Coalesced writes

Hi,

I’m trying to coalesce global memory writes, but it isn’t any faster. What am I doing wrong?

I want to do this using warp shuffles where available. The code block for Compute < 3.0 shows the unoptimized code, once I get the shuffled thing working better than it does now, I’ll write code that used shared memory.

#define SHUFFLE_MIN_VER 300

const int thread_id = threadIdx.x & 3;

#if __CUDA_ARCH__ < SHUFFLE_MIN_VER
	for (uint32_t i = 0; i < 4; t++) {
		dag_nodes[node_index].uint4s[i] =  dag_node.uint4s[i];
#else
	for (uint32_t t = 0; t < 4; t++) {

		uint32_t shuffle_index = __shfl(node_index, t, 4);
		uint4 s[4];
		for (uint32_t w = 0; w < 4; w++) {
			s[w] = make_uint4(__shfl(dag_node.uint4s[w].x, t, 4), __shfl(dag_node.uint4s[w].y, t, 4), __shfl(dag_node.uint4s[w].z, t, 4), __shfl(dag_node.uint4s[w].w, t, 4));
		}
		dag_nodes[shuffle_index].uint4s[thread_id] = s[thread_id];
	}
#endif

dag_node is a struct of 4 uint4s. dag_nodes is a global memory array of dag_node(s).

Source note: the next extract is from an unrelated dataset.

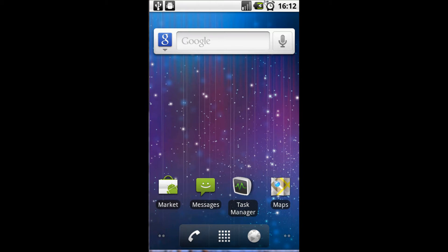Firstly, we need to install an application from the Android app market. You want to search for an application called CamScanner, and this is available completely free of charge.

The part where I generate a dag_node is omitted from this example.

When profiling, I get the exact same kernel runtime, and same amount of L2 transactions per write request (16).

each L2 transaction is 32 bytes long, so you already have minimum amount of transactions (32*uint4 = 512 bytes, 512/32=16 transactions). the reason is probably L1 cache which exists, in particular, for “joining” non-coalesced memory writes

But in the unoptimized code I have 32 threads * uint4 per write not coalesced (write 16 bytes, skip 48, write 16, etc.), while in my “optimized” code they are (or should be if i didn’t make a mistake) aligned in groups of 64 (the whole dag_node) at once (per 4 threads).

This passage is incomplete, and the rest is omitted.